▶ [Data extract]:
------------

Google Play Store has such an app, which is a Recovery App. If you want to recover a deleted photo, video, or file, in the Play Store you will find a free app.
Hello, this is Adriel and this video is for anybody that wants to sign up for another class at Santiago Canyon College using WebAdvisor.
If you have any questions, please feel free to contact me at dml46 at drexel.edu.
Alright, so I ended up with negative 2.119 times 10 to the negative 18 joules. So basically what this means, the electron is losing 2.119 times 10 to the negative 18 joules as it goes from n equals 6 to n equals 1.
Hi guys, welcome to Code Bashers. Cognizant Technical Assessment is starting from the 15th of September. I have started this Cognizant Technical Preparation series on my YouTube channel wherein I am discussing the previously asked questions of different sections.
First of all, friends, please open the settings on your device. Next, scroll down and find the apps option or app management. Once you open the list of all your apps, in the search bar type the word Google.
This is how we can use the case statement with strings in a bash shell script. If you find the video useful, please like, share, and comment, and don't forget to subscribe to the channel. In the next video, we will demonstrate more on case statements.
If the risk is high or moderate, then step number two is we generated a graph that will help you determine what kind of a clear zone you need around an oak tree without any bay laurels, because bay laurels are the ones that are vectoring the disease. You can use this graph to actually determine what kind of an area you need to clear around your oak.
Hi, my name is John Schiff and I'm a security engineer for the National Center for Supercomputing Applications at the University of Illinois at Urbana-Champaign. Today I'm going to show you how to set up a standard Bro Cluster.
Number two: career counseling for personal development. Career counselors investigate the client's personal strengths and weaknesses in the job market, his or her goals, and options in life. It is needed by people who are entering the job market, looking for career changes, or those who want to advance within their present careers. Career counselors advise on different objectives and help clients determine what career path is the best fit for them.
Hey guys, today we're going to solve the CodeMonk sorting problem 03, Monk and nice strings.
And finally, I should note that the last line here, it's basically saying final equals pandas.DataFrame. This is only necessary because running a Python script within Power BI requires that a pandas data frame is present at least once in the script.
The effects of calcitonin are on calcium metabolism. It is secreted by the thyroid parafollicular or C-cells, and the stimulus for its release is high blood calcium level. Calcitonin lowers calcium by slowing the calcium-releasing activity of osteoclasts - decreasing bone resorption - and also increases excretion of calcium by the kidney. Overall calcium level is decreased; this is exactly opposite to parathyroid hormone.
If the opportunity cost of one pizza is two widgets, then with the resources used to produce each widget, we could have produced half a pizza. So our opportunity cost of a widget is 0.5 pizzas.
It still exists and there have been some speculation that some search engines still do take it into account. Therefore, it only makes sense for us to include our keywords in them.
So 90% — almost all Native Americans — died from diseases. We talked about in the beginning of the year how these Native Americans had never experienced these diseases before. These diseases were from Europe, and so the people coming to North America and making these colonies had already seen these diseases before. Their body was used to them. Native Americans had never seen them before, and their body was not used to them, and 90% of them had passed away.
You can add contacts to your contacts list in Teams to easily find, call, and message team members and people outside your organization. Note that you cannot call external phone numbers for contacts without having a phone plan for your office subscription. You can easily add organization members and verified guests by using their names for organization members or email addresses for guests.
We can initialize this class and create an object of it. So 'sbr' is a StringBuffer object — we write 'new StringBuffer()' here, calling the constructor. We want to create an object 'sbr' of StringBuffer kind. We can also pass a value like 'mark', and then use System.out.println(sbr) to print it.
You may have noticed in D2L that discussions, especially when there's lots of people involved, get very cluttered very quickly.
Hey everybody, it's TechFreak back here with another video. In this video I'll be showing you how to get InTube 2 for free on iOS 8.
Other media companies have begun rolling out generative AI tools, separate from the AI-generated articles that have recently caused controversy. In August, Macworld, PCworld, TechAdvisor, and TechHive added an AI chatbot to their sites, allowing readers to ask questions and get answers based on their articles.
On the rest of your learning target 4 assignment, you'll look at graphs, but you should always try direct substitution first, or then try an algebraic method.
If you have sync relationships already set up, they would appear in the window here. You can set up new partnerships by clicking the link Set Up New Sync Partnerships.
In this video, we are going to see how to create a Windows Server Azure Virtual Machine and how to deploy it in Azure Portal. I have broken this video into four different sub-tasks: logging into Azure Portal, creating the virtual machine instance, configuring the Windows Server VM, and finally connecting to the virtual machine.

------------

▶ [Problem to solve]:
In the material above, transcribe exactly the lines beginning at the one with "Hi guys, welcome" and ending at the one with "If the risk", both included.

▶ [Answer to this exercise]:
Hi guys, welcome to Code Bashers. Cognizant Technical Assessment is starting from the 15th of September. I have started this Cognizant Technical Preparation series on my YouTube channel wherein I am discussing the previously asked questions of different sections.
First of all, friends, please open the settings on your device. Next, scroll down and find the apps option or app management. Once you open the list of all your apps, in the search bar type the word Google.
This is how we can use the case statement with strings in a bash shell script. If you find the video useful, please like, share, and comment, and don't forget to subscribe to the channel. In the next video, we will demonstrate more on case statements.
If the risk is high or moderate, then step number two is we generated a graph that will help you determine what kind of a clear zone you need around an oak tree without any bay laurels, because bay laurels are the ones that are vectoring the disease. You can use this graph to actually determine what kind of an area you need to clear around your oak.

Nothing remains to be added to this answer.